• _THE INPUT_:
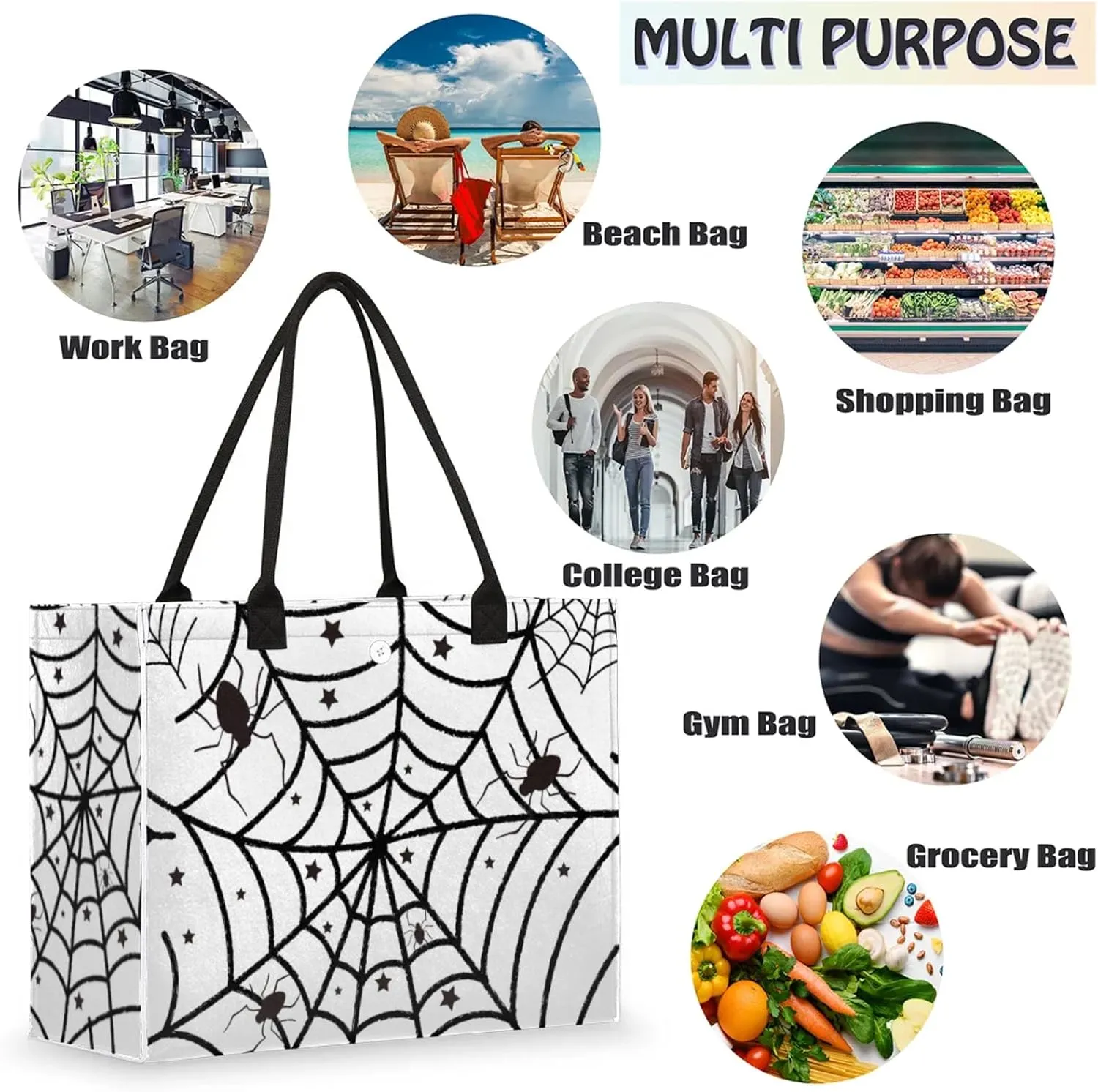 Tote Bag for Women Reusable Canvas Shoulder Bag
--
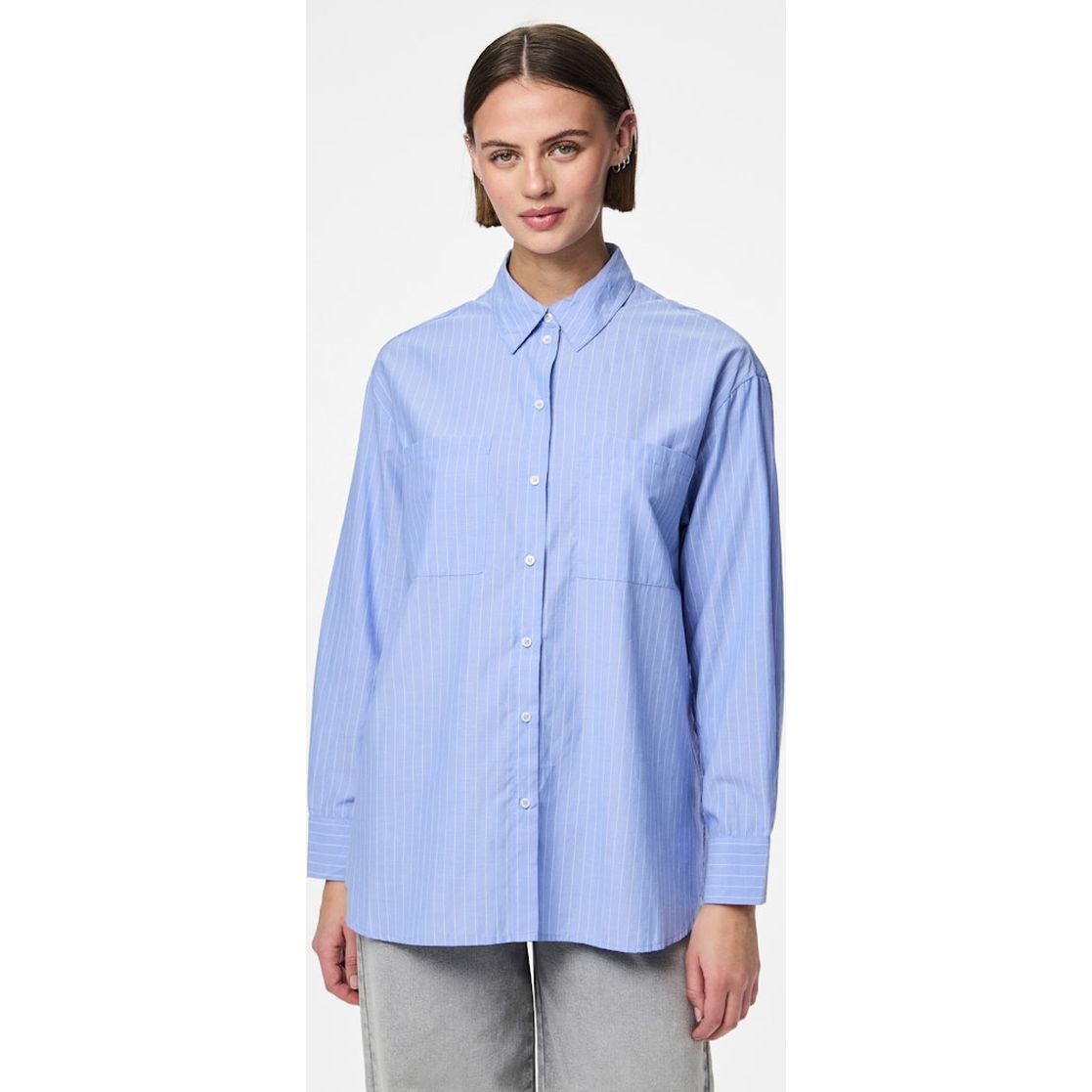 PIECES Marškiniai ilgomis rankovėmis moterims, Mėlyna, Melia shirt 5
...
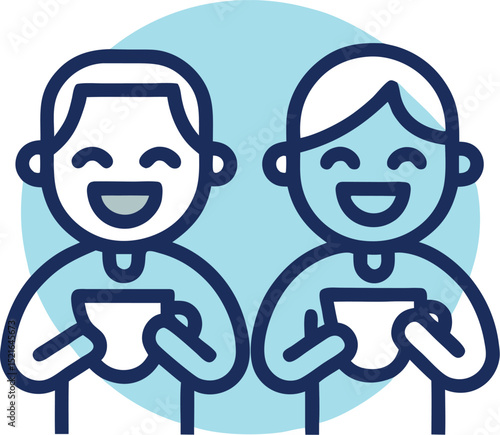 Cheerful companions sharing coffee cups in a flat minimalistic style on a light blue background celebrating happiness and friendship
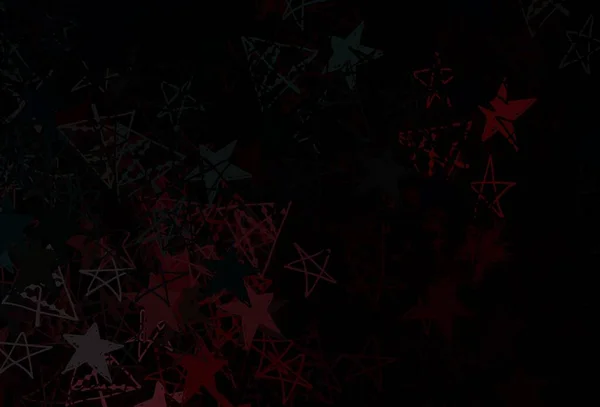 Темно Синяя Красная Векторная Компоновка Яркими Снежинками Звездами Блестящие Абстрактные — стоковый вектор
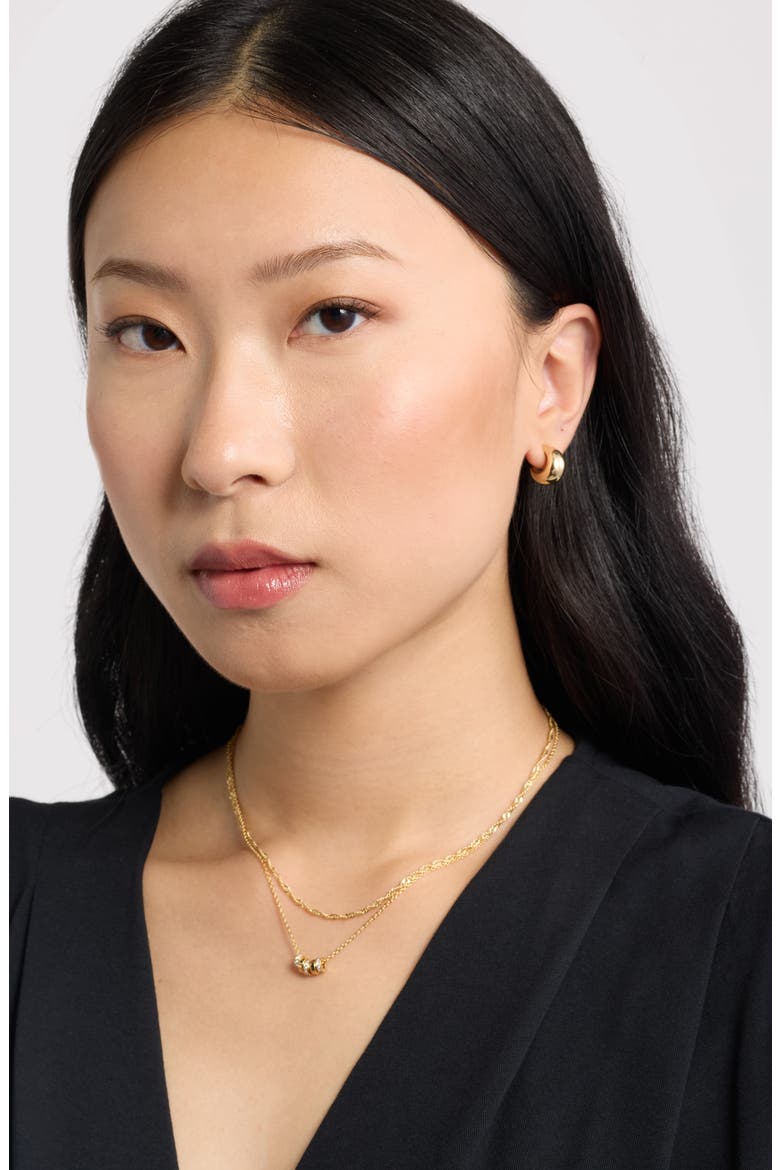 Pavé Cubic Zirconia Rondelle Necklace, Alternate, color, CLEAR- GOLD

• _PROBLEM STATEMENT_: From the records above, copy only the lines running from the line containing "Темно Синяя Красная" to the line containing "Pavé Cubic Zirconia", both ends included. Leave the pictures out.

• _OUTPUT FOR THIS EXERCISE_:
 Темно Синяя Красная Векторная Компоновка Яркими Снежинками Звездами Блестящие Абстрактные — стоковый вектор
 Pavé Cubic Zirconia Rondelle Necklace, Alternate, color, CLEAR- GOLD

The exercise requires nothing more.